Encounter offers opportunity for unity amidst diversity

Edmonton Christians opened the annual Week of Prayer for Christian Unity with a service at Braemar Baptist Church Jan. 18.

WCR PHOTO | RAMON GONZALEZ

Edmonton Christians opened the annual Week of Prayer for Christian Unity with a service at Braemar Baptist Church Jan. 18.

January 26, 2015
RAMON GONZALEZ
WESTERN CATHOLIC REPORTER

The encounter between Jesus and the Samaritan woman at Jacob's well invites us to try water from a different well and also to offer a little water of our own.

That's the idea behind the biblical verse "Give me a drink," which is the theme of this year's Week of Prayer for Christian Unity. Jesus said those words to a Samaritan woman as he sat at a well owned by Samaritans, a tribe despised by the Jews of the time.

Bishops, leaders and lay people of many different Christian churches and organizations took part in the opening service of the Week of Prayer at Braemar Baptist Church Jan. 18.

The themes of John's Gospel and Brazilian Christianity feature prominently in the celebration as the focus of this year's Week of Prayer is Brazil.

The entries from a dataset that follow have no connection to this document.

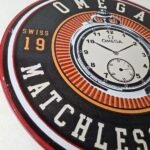 Vintage Omega Watches Sign – Matchless Merits Store Display Gas Porcelain Sign - Image 6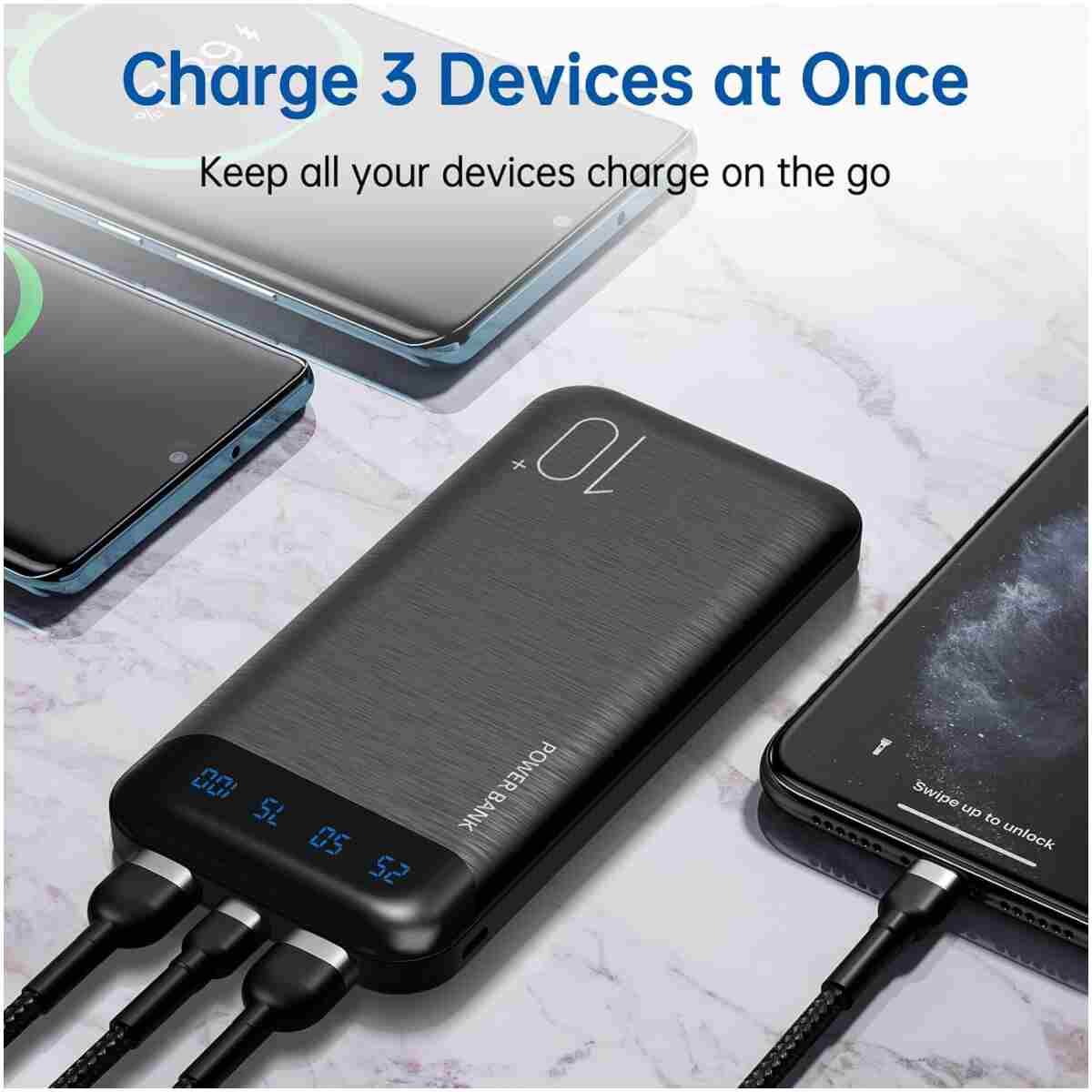 Power Bank 10000mAh Portable Charger Slim External Battery Pack with 2 USB 2.4A Outputs and USB C In/Out Compatible with Huawei iPhone 16 15 14 13 12 iPad Samsung Galaxy S20...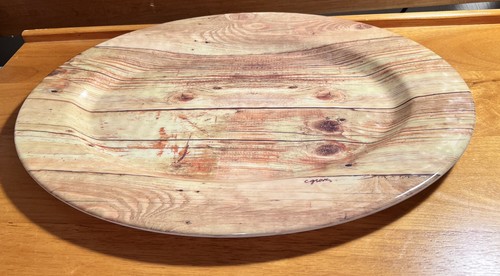 CITRUS GROVE Melamine Light Brown Wood Plank Look Platter 18" x 13"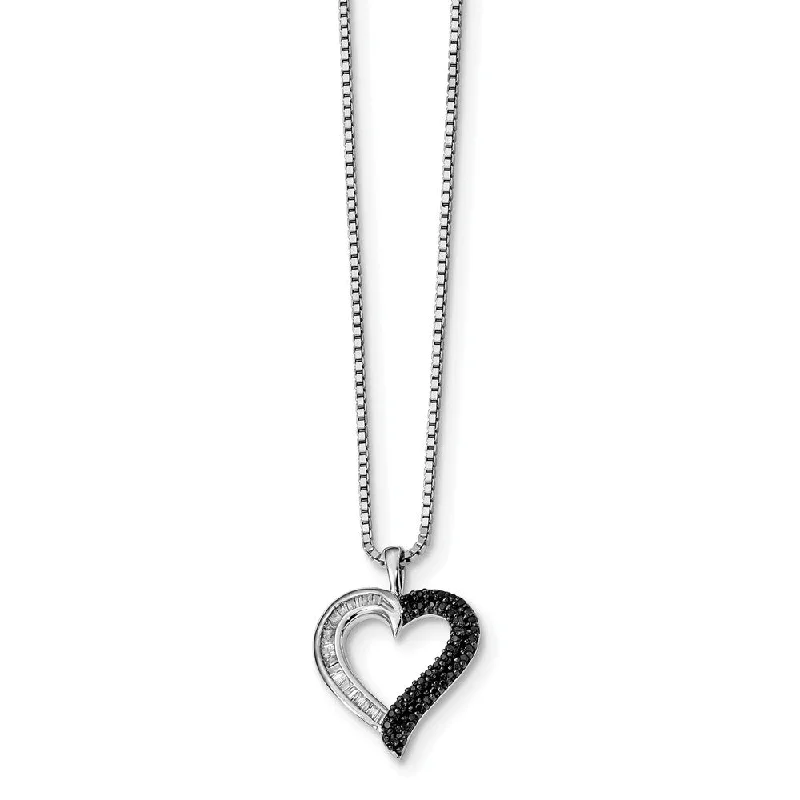 Ladies necklaces expert shine -1/4 Cttw Black & White Diamond 16mm Heart Necklace in Sterling Silver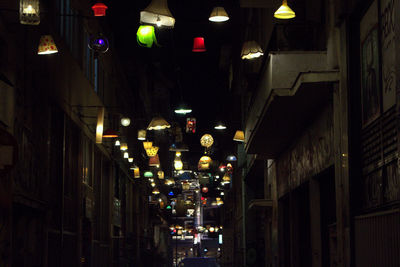 Illuminated city at night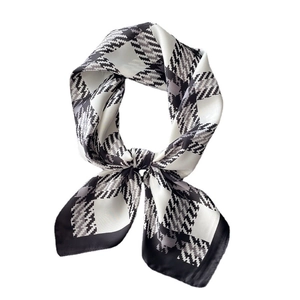 Classic houndstooth checkered 70cm satin silk square scarf for neck or hair styling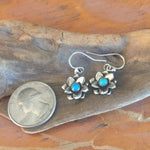 E164 Desert Flower Garnet or Turquoise Earrings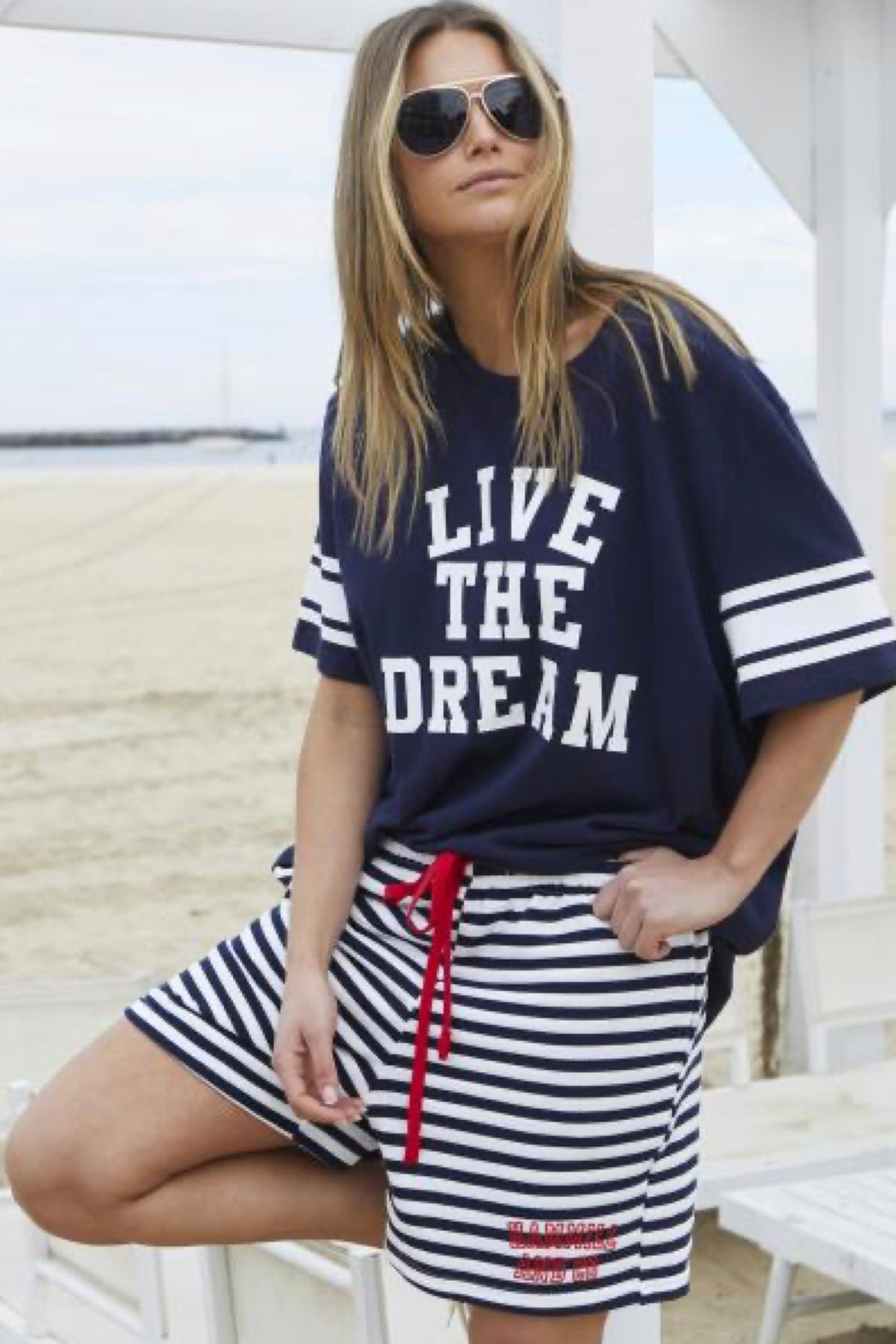 Retro Stripe Shorts Navy White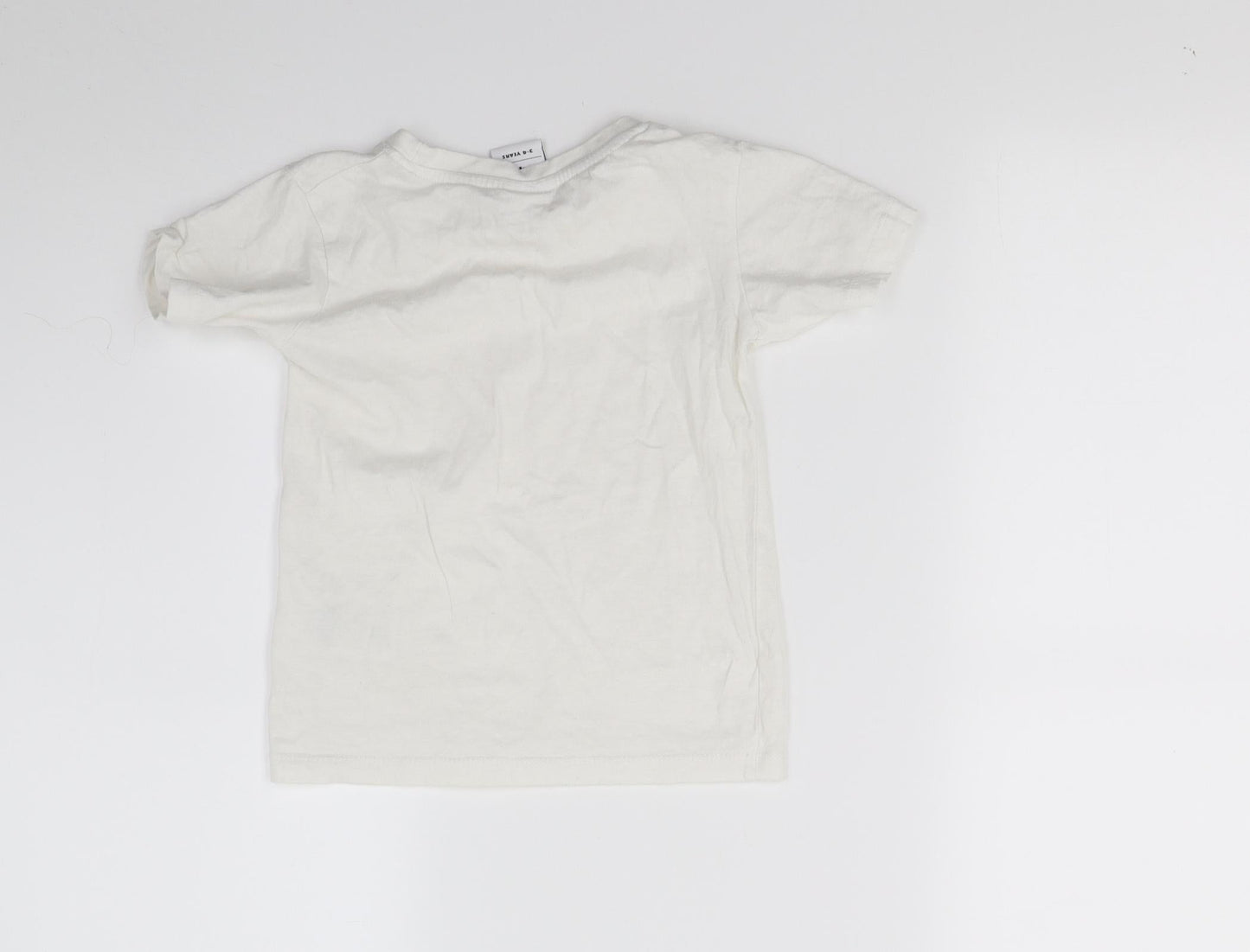 Hype Boys White   Basic T-Shirt Size 3-4 Years
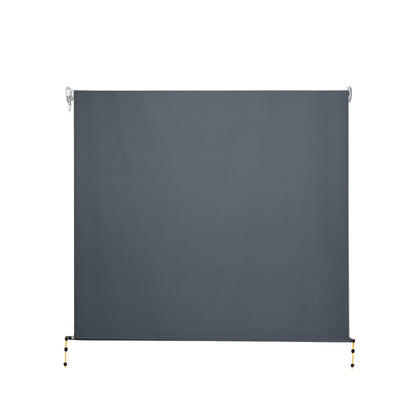 Instahut 2.1X2.5M Outdoor Blinds Awning Roll Down Canopy Retractable Outdoor Blinds Window Shade Grey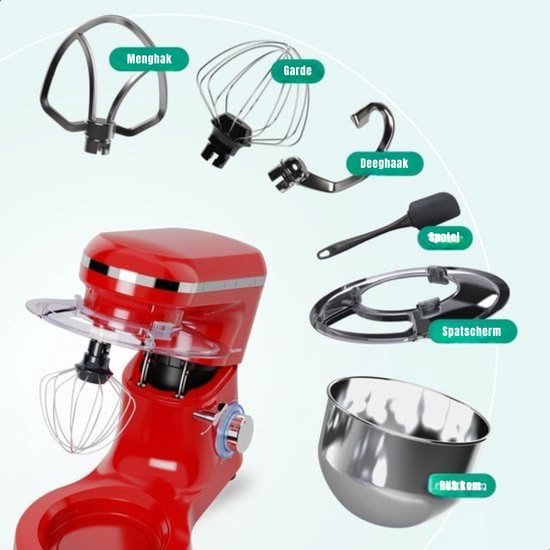 MIRA® Mixer met mengkom - Mixer - Mixer met mengkom keukenmachine - Rood - ‎39cm x 24cm x 32cm van Mira — afbeelding 4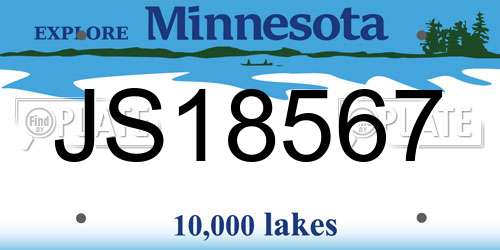 JS18567 Minnesota License Plate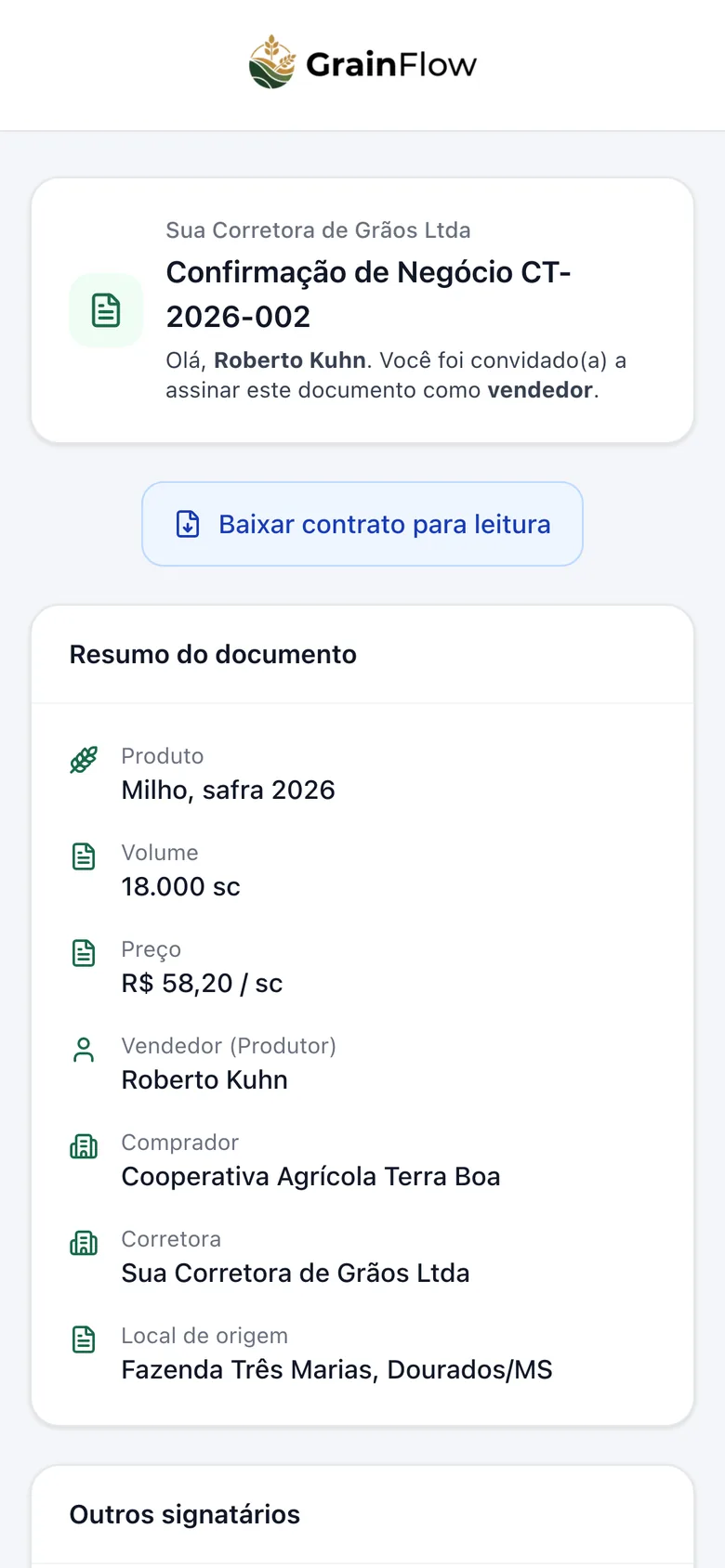 Celular do produtor com a Confirmação de negócio pronta para assinar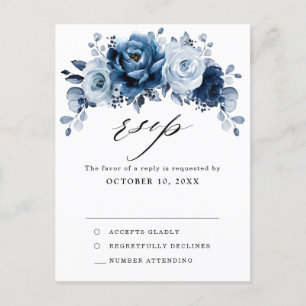 Dusty Blue Slate Dark Navy Floral Botanical RSVP Briefkaart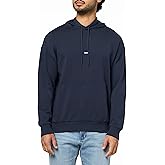 HUGO mens Twill French Terry Logo Patch Hooded Sweatshirt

After leaving Judea, and while on route to Galilee early in his ministry, Jesus came to a Samaritan city. "Jacob's well was there and Jesus, tired by his journey, was sitting by the well. It was about noon and a Samaritan woman came to draw water. Jesus said to her, 'Give me a drink.'"

"If we were to pick one story that shows us the most about who Jesus is, it would be his encounter with the Samaritan woman at Jacob's well," said the Rev. Kevin Kraglund, president of the Edmonton and District Council of Churches, the association behind the local celebration.

"This is a story with its own bucket ready for filling. She is a Samaritan. He is a Jew. She is a woman. He is a man. It's a highly public place. Jesus, as usual, is inviting trouble with his typical unconventional attitude and behaviour. He shouldn't be speaking to a woman in the first place, let alone a member of a tribe of Israel long despised by the Jewish people."

Kraglund says it is hard to tell what is happening in this conversation between Jesus and the woman, "with every word giving you the feeling that it might mean something more than it seems.

"When the conversation starts they are perfect strangers," he points out. "When it ends, the woman is so excited that she wants everyone to know about the man she's just met. Now if this isn't a picture of unity, I don't know what is."

At the heart of Jesus' request to the Samaritan woman – give me a drink – is the recognition that that they each needed something from each other, Kraglund said.

"Give me a drink compels us to change our attitude, to commit ourselves to seek unity in the midst of our diversity."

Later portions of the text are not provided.